Source: Immunological Investigations Published:2015


Abstract

Adipose-derived mesenchymal stem cells (ADSCs) are attractive tools for cancer gene therapy due to their intrinsic tropism to the tumor environment. Interleukin-2 (IL2) is recognized as a key regulatory molecule, which enhances the activity and growth of the immune effector cell function. High-Dose IL2 Therapy is an option for treatment of malignant melanoma but has frequent, often serious and sometimes life-threatening side effects. Here we investigated the effect of genetically modified ADSCs (GM-ADSCs) expressing IL2 in immunocompetent mouse models of subcutaneous and lung metastatic melanoma.
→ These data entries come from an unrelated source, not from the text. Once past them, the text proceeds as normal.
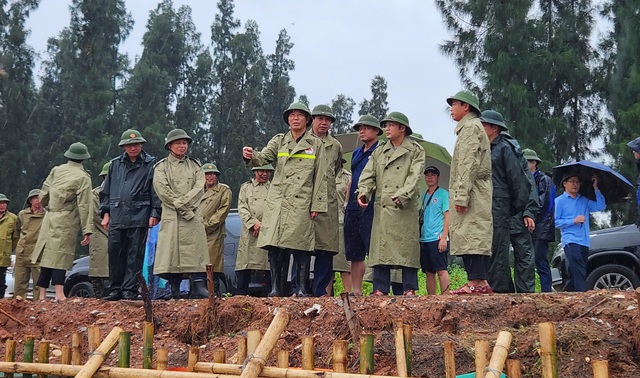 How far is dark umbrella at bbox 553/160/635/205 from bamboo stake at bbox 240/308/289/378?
224 inches

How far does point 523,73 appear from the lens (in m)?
25.1

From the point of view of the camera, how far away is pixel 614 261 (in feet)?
38.1

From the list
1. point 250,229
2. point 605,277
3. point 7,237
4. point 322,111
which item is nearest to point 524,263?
point 322,111

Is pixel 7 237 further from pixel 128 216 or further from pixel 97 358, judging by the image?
pixel 97 358

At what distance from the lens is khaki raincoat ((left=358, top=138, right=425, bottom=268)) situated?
870 centimetres

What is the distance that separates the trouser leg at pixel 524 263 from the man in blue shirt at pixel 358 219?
1.38 meters

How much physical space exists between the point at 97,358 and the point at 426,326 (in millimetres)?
2536

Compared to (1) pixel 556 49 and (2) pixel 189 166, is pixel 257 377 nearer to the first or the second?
(2) pixel 189 166

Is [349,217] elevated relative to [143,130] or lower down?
lower down

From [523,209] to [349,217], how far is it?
5.53ft

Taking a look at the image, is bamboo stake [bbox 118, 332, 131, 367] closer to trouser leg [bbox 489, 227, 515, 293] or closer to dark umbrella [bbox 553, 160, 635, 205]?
trouser leg [bbox 489, 227, 515, 293]

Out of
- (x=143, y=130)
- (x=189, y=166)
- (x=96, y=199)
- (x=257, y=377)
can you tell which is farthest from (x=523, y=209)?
(x=143, y=130)

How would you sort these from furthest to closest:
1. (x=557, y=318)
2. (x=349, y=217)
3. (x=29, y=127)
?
(x=29, y=127) < (x=349, y=217) < (x=557, y=318)

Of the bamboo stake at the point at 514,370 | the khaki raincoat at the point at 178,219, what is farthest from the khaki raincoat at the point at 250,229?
the bamboo stake at the point at 514,370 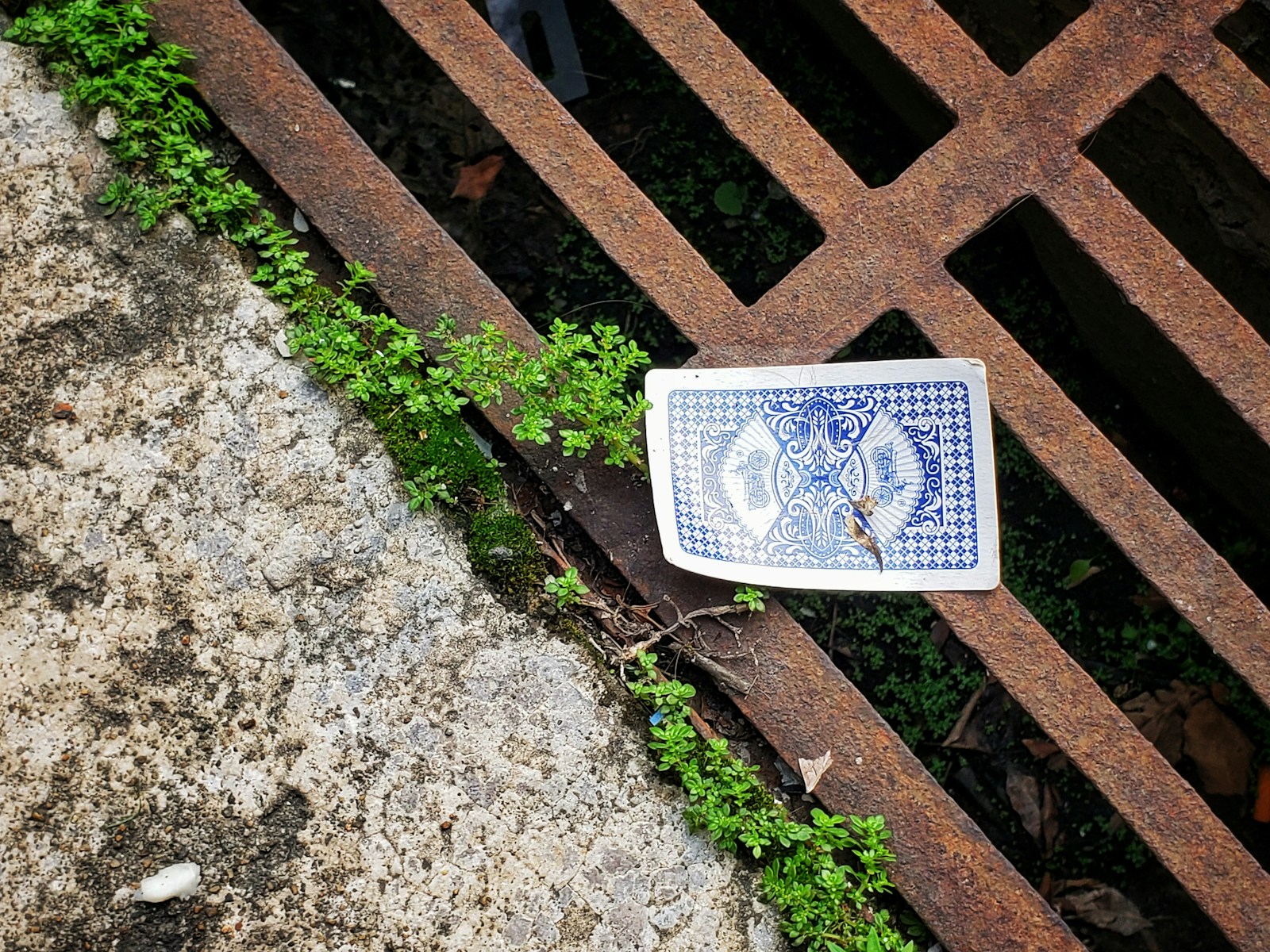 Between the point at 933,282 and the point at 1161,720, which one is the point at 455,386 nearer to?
the point at 933,282

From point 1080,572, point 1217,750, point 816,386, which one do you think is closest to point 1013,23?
point 816,386

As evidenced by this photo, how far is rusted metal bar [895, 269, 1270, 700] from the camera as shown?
175 centimetres

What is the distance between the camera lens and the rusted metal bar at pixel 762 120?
1825mm

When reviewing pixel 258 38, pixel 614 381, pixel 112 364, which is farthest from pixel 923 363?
pixel 112 364

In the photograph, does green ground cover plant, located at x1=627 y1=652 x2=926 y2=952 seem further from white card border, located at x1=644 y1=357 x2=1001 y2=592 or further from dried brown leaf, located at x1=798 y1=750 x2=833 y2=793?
white card border, located at x1=644 y1=357 x2=1001 y2=592

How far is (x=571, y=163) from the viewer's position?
185 cm

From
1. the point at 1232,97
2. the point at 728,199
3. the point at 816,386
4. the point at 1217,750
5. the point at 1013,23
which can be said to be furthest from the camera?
the point at 728,199

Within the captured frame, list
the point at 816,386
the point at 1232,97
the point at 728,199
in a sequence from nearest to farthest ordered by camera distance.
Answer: the point at 1232,97, the point at 816,386, the point at 728,199

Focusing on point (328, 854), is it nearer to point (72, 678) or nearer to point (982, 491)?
point (72, 678)

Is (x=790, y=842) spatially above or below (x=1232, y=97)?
below

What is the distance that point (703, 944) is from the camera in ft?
6.11

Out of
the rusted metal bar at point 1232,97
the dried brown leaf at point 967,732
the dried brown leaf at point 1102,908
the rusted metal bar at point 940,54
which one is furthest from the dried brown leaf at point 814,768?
the rusted metal bar at point 1232,97

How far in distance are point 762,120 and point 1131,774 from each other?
4.65ft

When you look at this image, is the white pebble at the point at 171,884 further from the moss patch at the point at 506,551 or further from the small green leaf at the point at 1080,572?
the small green leaf at the point at 1080,572
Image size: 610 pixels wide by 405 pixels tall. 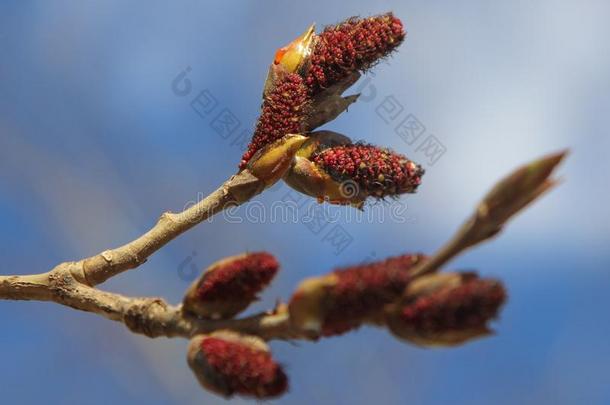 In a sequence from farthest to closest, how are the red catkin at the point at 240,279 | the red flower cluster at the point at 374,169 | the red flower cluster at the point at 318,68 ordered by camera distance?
the red flower cluster at the point at 318,68 < the red flower cluster at the point at 374,169 < the red catkin at the point at 240,279

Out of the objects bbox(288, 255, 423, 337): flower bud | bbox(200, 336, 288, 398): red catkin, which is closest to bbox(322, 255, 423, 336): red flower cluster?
bbox(288, 255, 423, 337): flower bud

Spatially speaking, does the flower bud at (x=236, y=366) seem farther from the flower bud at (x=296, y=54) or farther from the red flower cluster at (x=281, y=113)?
the flower bud at (x=296, y=54)

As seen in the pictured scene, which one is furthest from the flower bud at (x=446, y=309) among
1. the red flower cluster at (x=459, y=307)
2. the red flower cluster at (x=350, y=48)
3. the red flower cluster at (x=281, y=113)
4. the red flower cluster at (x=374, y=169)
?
the red flower cluster at (x=350, y=48)

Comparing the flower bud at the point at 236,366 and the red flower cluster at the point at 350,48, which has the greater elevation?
the red flower cluster at the point at 350,48

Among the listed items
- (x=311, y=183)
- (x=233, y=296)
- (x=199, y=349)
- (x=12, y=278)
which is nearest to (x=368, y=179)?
(x=311, y=183)

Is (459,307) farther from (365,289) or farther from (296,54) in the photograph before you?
(296,54)

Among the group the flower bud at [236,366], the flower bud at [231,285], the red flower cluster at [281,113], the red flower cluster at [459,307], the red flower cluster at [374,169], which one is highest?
the red flower cluster at [281,113]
Prior to in vivo studies, we demonstrated that IL2 produced by GM-ADSCs may act as a growth factor for melanoma cells due to the increased viability and reduced apoptosis of melanoma cells after in vitro treatment. Subcutaneous co-injection of IL2-expressing ADSCs with melanoma cells significantly enhanced the melanoma tumor growth. Furthermore, histological analysis of subcutaneous tumors for IL2 and Melan-A (a melanocytic differentiation marker) confirmed that most of cells in melanoma/IL2-ADSC co-injected tumors are melanoma cells, not IL2-ADSCs. In pulmonary metastases model, melanoma cells were injected intravenously and 10 days later mice were treated by systematical injection of GM-ADSCs. Intravenously injected IL2-ADSCs engrafted into melanoma lung tumors but were unable to reduce melanoma lung metastases. Besides, administered IL2-ADSCs significantly reduced systemic CD4+ cells and did not impact the total survival of lung metastases melanoma bearing mice. In conclusion, this study showed that IL2-producing ADSCs can favor B16F10 melanoma cell proliferation. Therefore, therapies utilizing IL2 have to be taken into careful consideration. © 2015 Informa Healthcare USA, Inc. All rights reserved: reproduction in whole or part not permitted.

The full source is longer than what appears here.